What needs to be done → Retype the listing exactly. Leave out the images.

Data provided →
#####
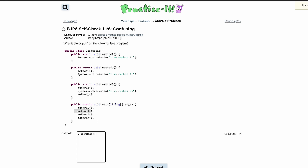Method 3 — the first line in method 3 calls method 2. So we're looking at method 2, and the first line in method 2 calls method 1, so we print 'I am method 1'. Then the next line of method 2 says 'I am method 2'. So we go back into method 3, and our next line is to print 'I am method 3'. After that we call method 1 again, so we print 'I am method 1'. That's it for method 3.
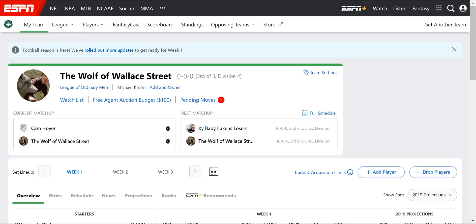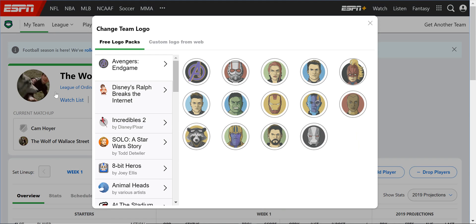All right, Internet. Today I'm going to show you how to upload a custom photo to your ESPN fantasy team. So where we're going to start is right on the home page of your league. Here we are, and it shows your team photo right over here — our team logo. What you want to do is hover over it and click change. From here, we're going to go to custom logo from web.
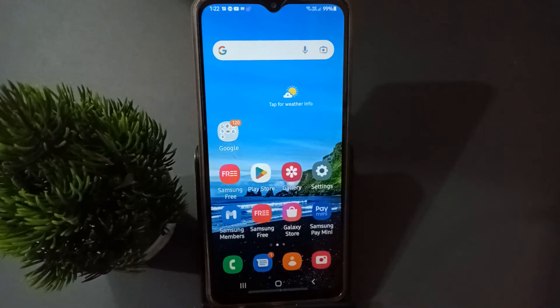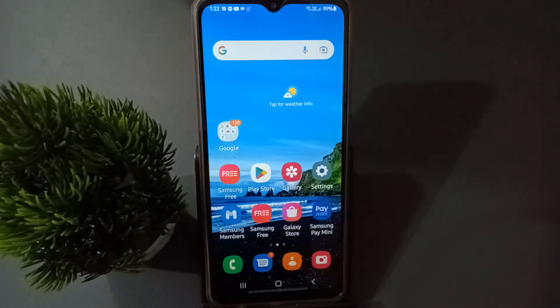Hello friends, today in this video I'm going to show you how to solve network problems on a Samsung mobile phone. Before we continue, do not forget to like the video and subscribe to the channel.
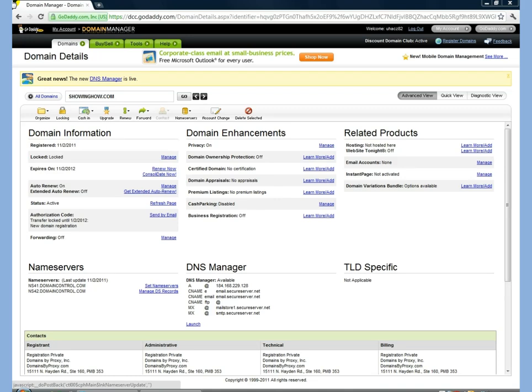In this video I'm going to teach you how to set your GoDaddy name servers. First, you're going to want to log into GoDaddy, go to your My Account, and then from there you're going to go to the Domain Manager.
#####
The completed task →
Method 3 — the first line in method 3 calls method 2. So we're looking at method 2, and the first line in method 2 calls method 1, so we print 'I am method 1'. Then the next line of method 2 says 'I am method 2'. So we go back into method 3, and our next line is to print 'I am method 3'. After that we call method 1 again, so we print 'I am method 1'. That's it for method 3.
All right, Internet. Today I'm going to show you how to upload a custom photo to your ESPN fantasy team. So where we're going to start is right on the home page of your league. Here we are, and it shows your team photo right over here — our team logo. What you want to do is hover over it and click change. From here, we're going to go to custom logo from web.
Hello friends, today in this video I'm going to show you how to solve network problems on a Samsung mobile phone. Before we continue, do not forget to like the video and subscribe to the channel.
In this video I'm going to teach you how to set your GoDaddy name servers. First, you're going to want to log into GoDaddy, go to your My Account, and then from there you're going to go to the Domain Manager.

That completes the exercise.